Hey, sorry, I tried looking up a case study of this for myself, but couldn’t find anything substantial. Do you guys have anything like this?
I’m wondering about the new pipeline purely from an economic sense.
Essentially stuff like:
- Projected taxpayer funded dollars to build the entire thing (a projected bell curve of expenditure).
- Projected oil demand, and price for the time that the pipeline remains operational.
- Finally, a bell curve of ROI for us.
I know I know, the environmental damage this would do is horrible, blah blah blah. I agree. I just want to know if this is at the very least a good financial decision or not.
Again, I’m looking for actual quantitative projections. Not stuff like, “but Asia is moving toward renewables”.
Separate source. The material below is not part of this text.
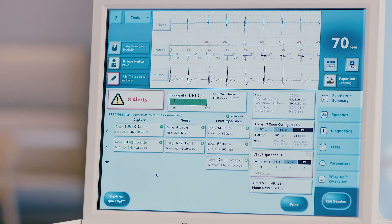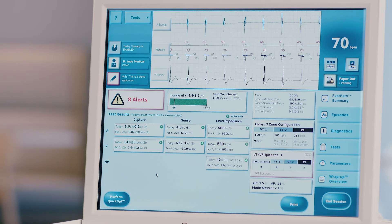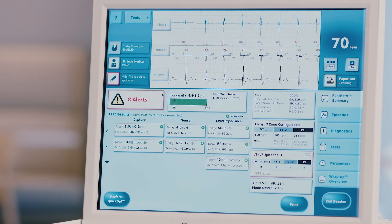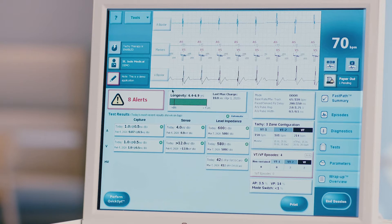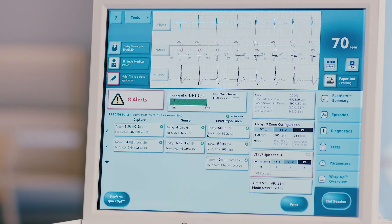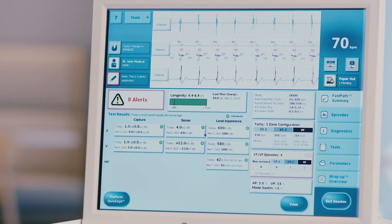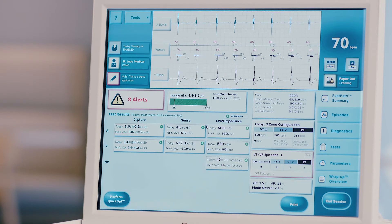Step 3: Review the FastPass Summary. This home screen will provide an overview of diagnostic information. Assess the patient's rhythm at the top of the screen in the live EGM display. Make note of the signals and markers present. Assess the battery voltage and longevity estimate, as well as the charge time and date of last full charge. Evaluate the automatic test results, denoted by the presence of a green A in the measurement box, measured by the device upon interrogation. Note that any box outlined in red either does not meet the safety margin or is outside the acceptable measurement range.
Okay, so according to the trans mountain pipeline corporation, it returned 1.7B to the owner in 2025 and 0.45B in Q1 2026.
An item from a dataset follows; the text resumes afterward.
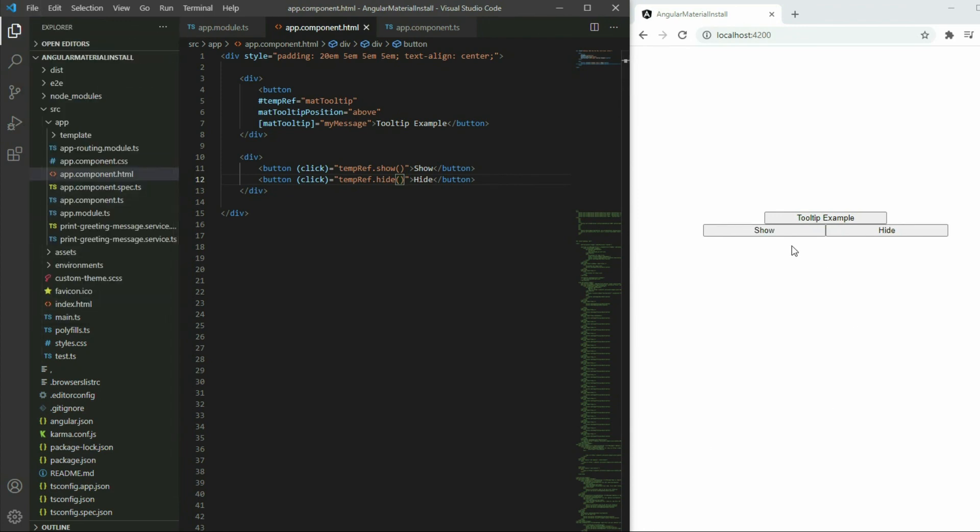The show function will make the tooltip appear and the hide function will make it disappear.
It says that the forecasted dividends for the coming years are higher. I’m not sure how they forecasted this, but whatever.
They also talk about some “optimization program” to increase throughput volumes by 30%.
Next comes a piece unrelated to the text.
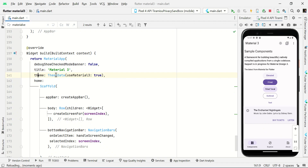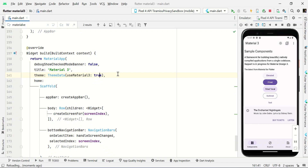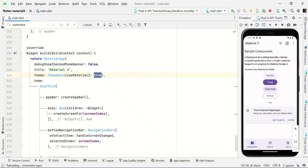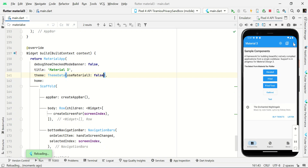In this video, I simply enable this property in ThemeData — setting `useMaterial3` to true. If I enable this, my entire application changes to Material Design 3. I'll now disable this and save it — and it migrates back to the existing theme. This is all about Material Design 3, and you can get the source code from my video description.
Regardless, let’s say the average revenue goes to around 2B per year. In that case, it would require around 20 years to break even (considering the 4.5B + 34B put in by the feds). Everything after that is profit.
Buuuut yeah, I don’t have data on projected oil demand till 2046. And constructing ANOTHER megaproject in addition to this one… Yeeeeah I dunno…
They like putting up business studies and projected revenues and all that for everything. Why not for the new pipeline? That’s just so unprofessional and irresponsible.